There's no doubt Rogan is correct in his assertion. You would have the two biggest draws in the history of their respective sports. Add in that Mayweather and McGregor know how to sell a fight, especially a once-in-a-lifetime event, and history would be made. If the fight happens, McGregor has been listed as a 25-1 underdog. It doesn't mean the hard-hitting slugger from Ireland doesn't have a shot at dethroning Mayweather.
“When people want to do things like break someone’s record, and you want to do it so bad that you take on a guy that’s never had a boxing match before, and then that guy starches you [laughs]," Rogan said. "I mean, it’s not likely, but if he did it.
“There’s something about [Conor McGregor]. I’m telling you, there’s something about that dude. He’s got something going on. He’s got a little something extra special but he would need everything to line up.
“Mayweather would have to dismiss him as a threat. He’d have to not train hard enough, he’d have to not seriously consider the possibility that Conor connects on him and knocks him out.
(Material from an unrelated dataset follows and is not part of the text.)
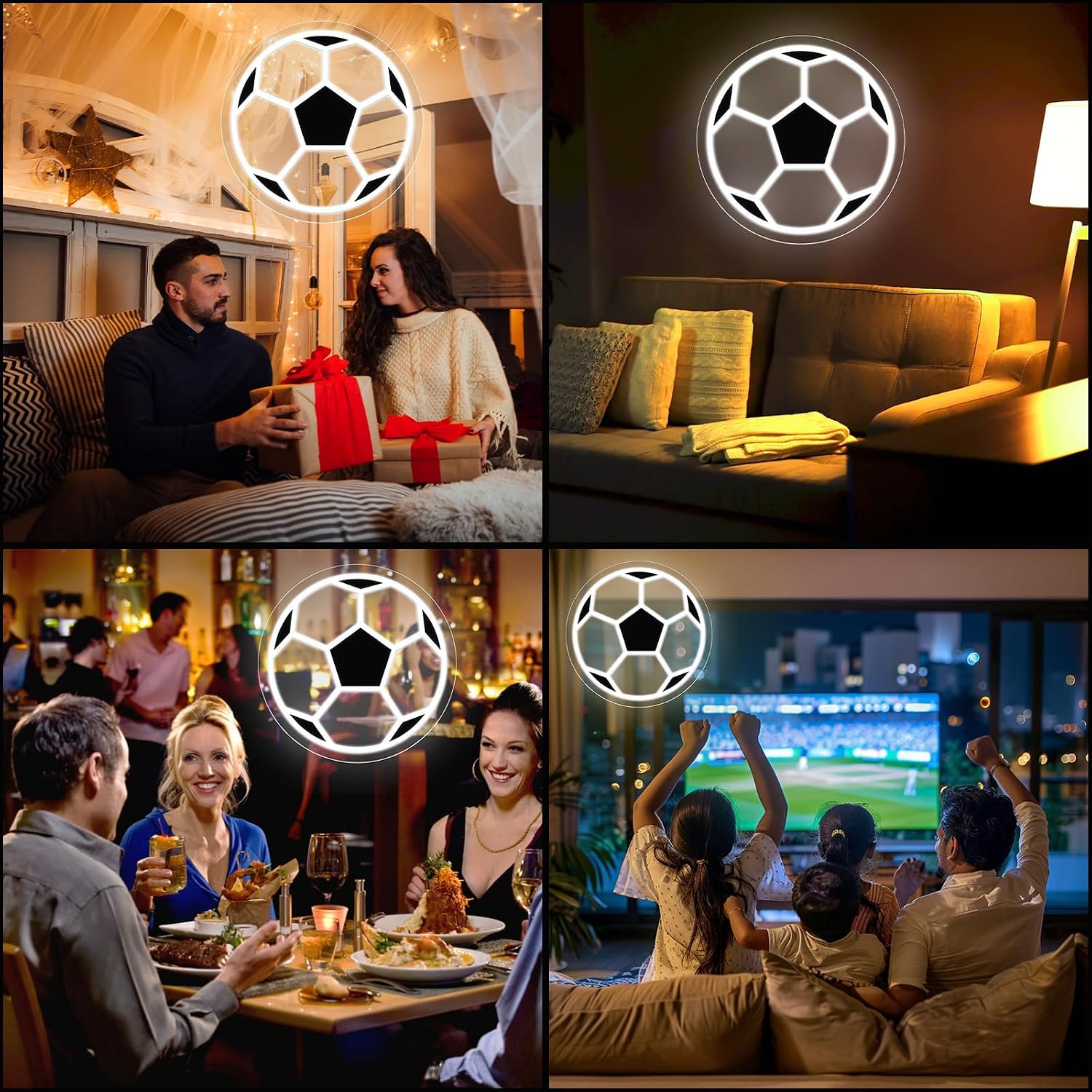Soccer Neon Sign, Dimmable LED Black White Soccer Neon Light for Wall Decor, Powered by USB Neon Sign Sports Light Up Sign for Teenager Boys Girls Kids Game Room Bedroom Club Decor Kids Gifts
And then Conor would have to do some roughhousing. He’d have to hold him in the clinch. He’d have to hold him and hit him. He’d have to try and get off as many shots and bully him around and wear him out. It’s a possibility. He’s a much bigger man. He’s a much bigger man. If you compare the two of them frame-wise, if they ever do do it, and they’re standing right at each other, looking down at each other doing eye-to-eye, you’re gonna go ‘oh, s—t.’ [Conor]’s a big f—k. He can make that 145-pound cut when he’s on death’s door, but Mayweather makes it easy.”
Some of the rhetoric does come off as Rogan defending a UFC guy. Mayweather takes every opponent seriously regardless of skill level. It's all about history for the pound-for-pound great. Win, run your record to 50-0 and regain the throne of the biggest attraction in combat sports from McGregor.
But the fight isn't signed, and until it is all we can do is dream.
Steven Muehlhausen is an MMA and boxing writer and contributor for Sporting News. You can find his podcast, "The Fight Club Chicago," and subscribe on iTunes. You can email him at [email protected] and can find him on Twitter @SMuehlhausenMMA.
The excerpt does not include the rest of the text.